From time to time, I email Allison Stanger. She answers always but says she is not yet healthy enough to talk. On March 2, Stanger was escorting the social scientist Charles Murray, whose speech at Middlebury College where she teaches had just been shouted down, when the mob charged their car. “Someone pulled my hair,” she recounted, “while others were shoving me. I feared for my life.” The car was rocked. Stanger is still recovering from a concussion.

Last week, Middlebury disciplined 67 students for what happened that night. Some were put on probation and others were cited with the college equivalent of a demerit that will go in their “permanent record” - all in all, a slap on the wrist for students who deserved something more severe. Their offenses were not incidental. They had trifled with freedom of speech, academic freedom and, not incidentally, the health of a professor who was merely trying to facilitate the implementation of those rights. Charles Murray is controversial. He is not an Ebola carrier.

Middlebury's disgrace was one of several incidents this year in which controversial or studiously obnoxious speakers were either run off campuses or were intimidated from coming. These included Ann Coulter and Milo Yiannopoulos, in the first category, as well as Heather Mac Donald and Murray, conservative scholars with interesting, if provocative, things to say. Mac Donald, the author of “War on Cops,” is a critic of the Black Lives Matter movement.

Murray is best known for co-writing the book “The Bell Curve.” Suffice it to say it deals with the intellectual nitroglycerin of race and IQ. When it exploded upon publication in 1994, the New Republic devoted most of one issue to shredding it. Still, Murray survived to write other books, and while he is a conservative, he is redeemed by being vociferously anti-Trump. Maybe he will someday do a book on the link between real estate development and IQ.

Far more dangerous than what any of these speakers has to say is the reaction to it. The protesters - some of them non-students - are involved in what's called, to invoke a trendy term, “cultural appropriation.” In this case, it is the culture of fascism. Benito Mussolini's rise to power in Italy was facilitated by the steady use of violent protesters to break up meetings and silence opponents. The tactic proved successful, and in 1922 Mussolini became dictator of Italy. Hitler, on the other side of the Alps, took careful notes.

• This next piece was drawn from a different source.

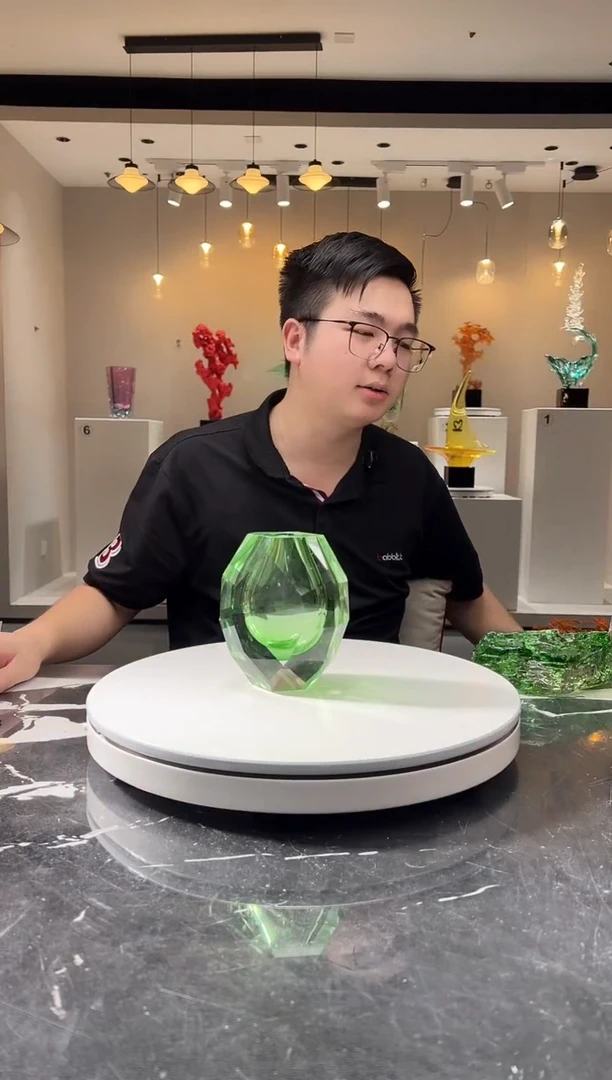摆件巴比特美学-翠绿冷磨香薰瓶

I won't flatter the student protesters by asserting they are aware of their ideological antecedents. But I will say that those who chose not to hear Mac Donald or Murray missed something. Mac Donald, who writes often for the Wall Street Journal, knows her stuff. You may not agree with her, but she is reasonable and learned. As for Murray, his caricature as a white racist is a simplistic libel. I am not prepared to defend “The Bell Curve” - it has been years since I've read it - but that's beside the point. It's for Murray to defend. And if given the opportunity, I'm sure he can do it.

Maybe, as some have argued, campus intolerance is escalating in reaction to Donald Trump. He has a pugnacious affect that encourages a like reaction. He wants to silence the critical press. He dismissed his critics as “losers.” He always seems to be spoiling for a fight - and not a fair one, either. But Trump's simian behavior is no excuse for violence.

The Vietnam War engendered the same sort of fascistic response. In the name of a good cause - ending the war - the occasional protester set off the occasional bomb. One, ostensibly directed at the University of Wisconsin's cooperation with the Defense Department, nearly demolished Sterling Hall on the Madison campus. It killed a physics researcher, whose work was entirely unconnected with the Pentagon, not that it matters any. The mad, arrogant virtue that animated the bombers is little different than what drove Manchester's suicide bomber to wantonly kill kids at the Ariana Grande concert. Spare us the true believers.

I have known Stanger a bit over the years. To me, she personifies the scholarly life - fluent in Russian, fluent in Czech, fluent in critical ideas. She has her politics, avowedly Democratic, but she agreed to moderate the discussion with Murray solely because she believes in the robust exchange of views. Now she suffers because some protesters thought they were entitled to silence Murray and injure Stanger. Middlebury got a black eye, Stanger got a concussion - and we all got a warning.

Richard Cohen is a columnist for the Washington Post.